Já a noite se aproximava e as notícias eram cada vez mais entusiasmastes. A R T P, mostrava em directo, aquele que foi o episódio, talvez mais marcante do dia, e quiçá, de toda a história da Revolução.
As imagens, seguidas em todo o País com grande expectativa e alguma angústia, mostravam, nas imediações do Largo fronteiriço ao Quartel do Carmo, o movimento de uma Chaimite, que se deslocava lentamente por entre a multidão, comandada por um dos valorosos capitães de Abril, o saudoso Capitão Salgueiro Maia, do Regimento de Cavalaria de Santarém.
Ouvia-se na reportagem, que a missão, tinha como objectivo, resgatar em absoluta segurança, do interior do Quartel do Carmo, o deposto Presidente do Conselho e conduzi-lo ao aeroporto da Portela, onde o aguardava um avião, que dali o havia de levar até à Ilha da Madeira e mais tarde, ao exílio no Brasil, onde anos depois viria a falecer.
A operação de resgate, apesar de alguma tensão, muito manifesta nalgumas franjas da imensa multidão que enchia por completo o Largo do Carmo, decorreu com absoluta normalidade. Os milhares de pessoas, empoleiradas em árvores, candeeiros, varandas e até em cima dos automóveis que ali se encontravam estacionados, quando a Chaimite se retirava rumo ao aeroporto, em vez de mostrar ódio gratuito ou proferir palavras de menos respeito para com o prisioneiro, antes entoaram cânticos de “Grândola Vila Morena” e gritou, a plenos pulmões, palavras de ordem, tais como: - “25 de Abril Sempre”, “Fascismo Nunca Mais”, para terminarem em uníssono, “O Povo unido nunca mais será vencido”.

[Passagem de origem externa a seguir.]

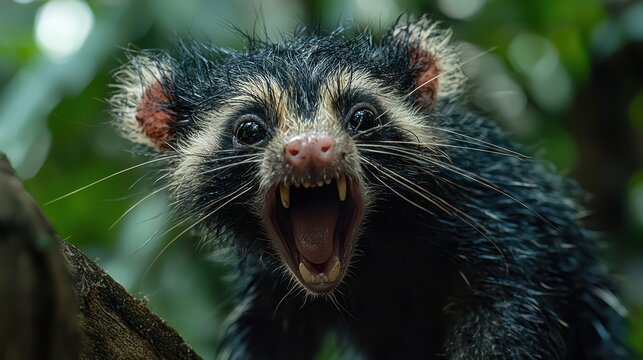 Closeup portrait of wet palm civet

Já a noite tinha caído, quando o País inteiro fazia o primeiro balanço do mais feliz de todos os pesadelos.
Por volta das 20 horas, o General Spínola, chefe da Junta de Salvação Nacional, desde logo constituída, leu em directo, dos estúdios da R T P, no Lumiar, o primeiro comunicado, em nome do M F A.
Nesse comunicado, deu conta, a todos os Portugueses, do êxito que foi a operação desencadeada pelas Forças Armadas, destacando, que a tomada do poder, aconteceu, sem necessidade de uso de meios violentos, ou derramamento de sangue, só possível, devido à grande serenidade e espírito de maturidade cívica demonstrados pelas populações, que desde o primeiro momento acarinharam nas ruas, nas repartições públicas, nas fábricas e outros locais, o Movimento Militar, encetado no início da madrugada, manifestando a sua alegria, com a entrega de cravos vermelhos aos soldados, que os colocaram nos canos das espingardas, gesto que simbolizará para sempre a gratidão das populações para com os abnegados Militares.

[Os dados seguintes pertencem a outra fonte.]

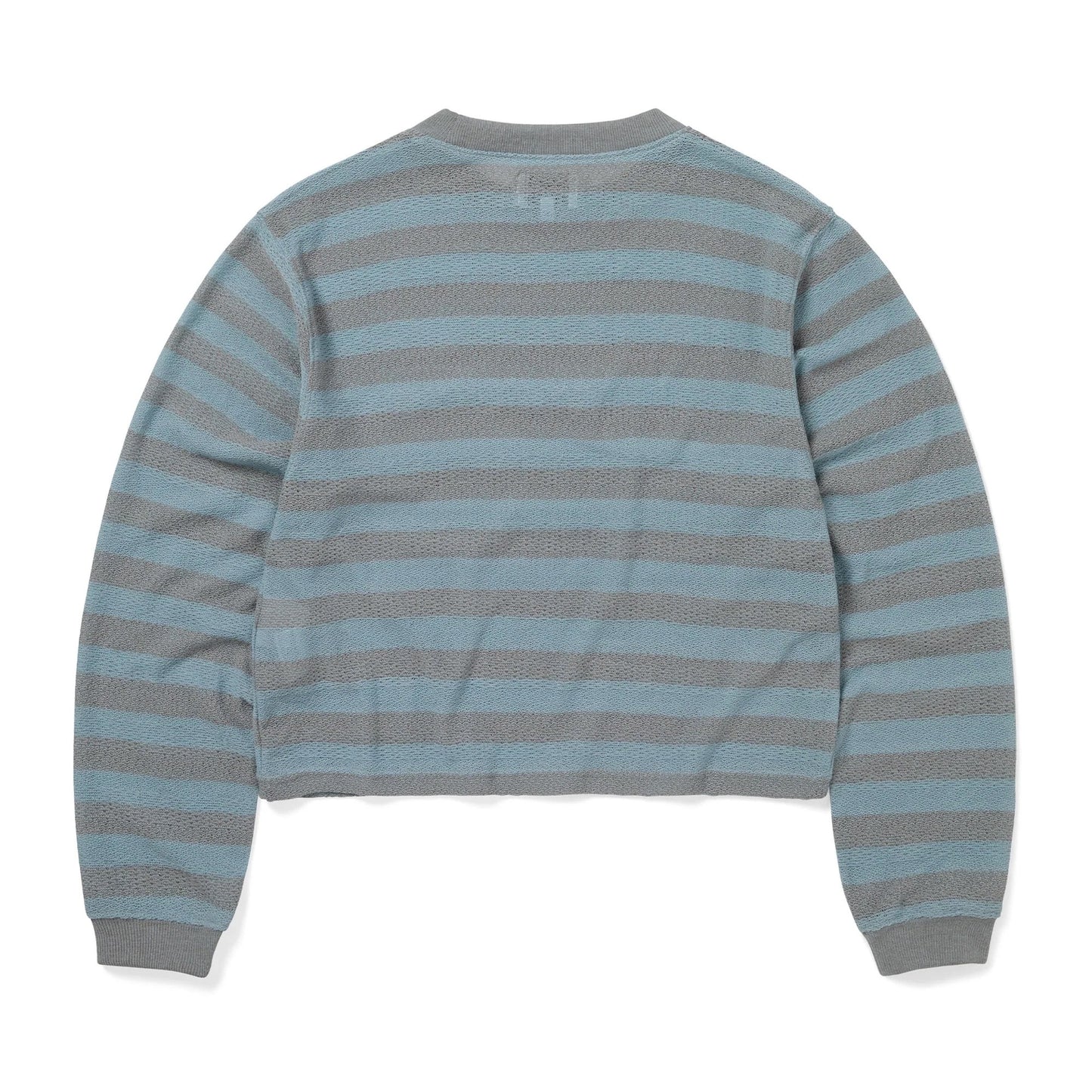 Women's Mesh Striped W Crewneck - Sky Blue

Aquele Oficial General, depois de apelar aos cidadãos para que se mantivessem nas suas residências ou nos seus locais de trabalho, em absoluta tranquilidade mas vigilantes, advertiu, com a autoridade conferida e legitimada pelo Movimento Militar, que qualquer tentativa contra-revolucionária, seria severamente punida.
Ao Corpo Diplomático acreditado em Portugal, transmitiu também, em nome da Junta de Salvação Nacional e em nome do Povo Português, o firme propósito de honrar todos os compromissos e tratados, assumidos pelo regime deposto.

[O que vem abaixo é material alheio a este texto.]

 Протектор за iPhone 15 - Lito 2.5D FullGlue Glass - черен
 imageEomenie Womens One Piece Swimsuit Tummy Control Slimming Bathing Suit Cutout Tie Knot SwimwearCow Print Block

A partir deste momento, o País ficou mais sereno e toda a gente rejubilava com o acontecimento e com muita esperança no futuro.
Já a noite ia longa, quando a maioria dos cidadãos recolheu a suas casas., cansados por um dia de acontecimentos tão intensos, mas naturalmente muito felizes e com manifesta ansiedade do dia seguinte, para começar a trabalhar para um Portugal livre, democrático e mais solidário.
Por mim, que também vivi o dia intensamente, fiquei ainda pelas ruas a deambular, como que, a saboreando mais um pouco tanta emoção, tanta felicidade! Mais tarde, com alguns amigos, fomos ao Viana Mar, comer francesinhas e beber cerveja, aproveitando o momento para discutir, em absoluta liberdade, que benefício para os cidadãos traria no futuro, esta Revolução, que o poeta imortalizou no seu poema: - “As Portas que Abril Abriu”.
Já de madrugada, após um dia “inesquecível”, adormeci, com um único pensamento, que ainda hoje guardo com imensa saudade: - “25 de Abril Sempre”!!!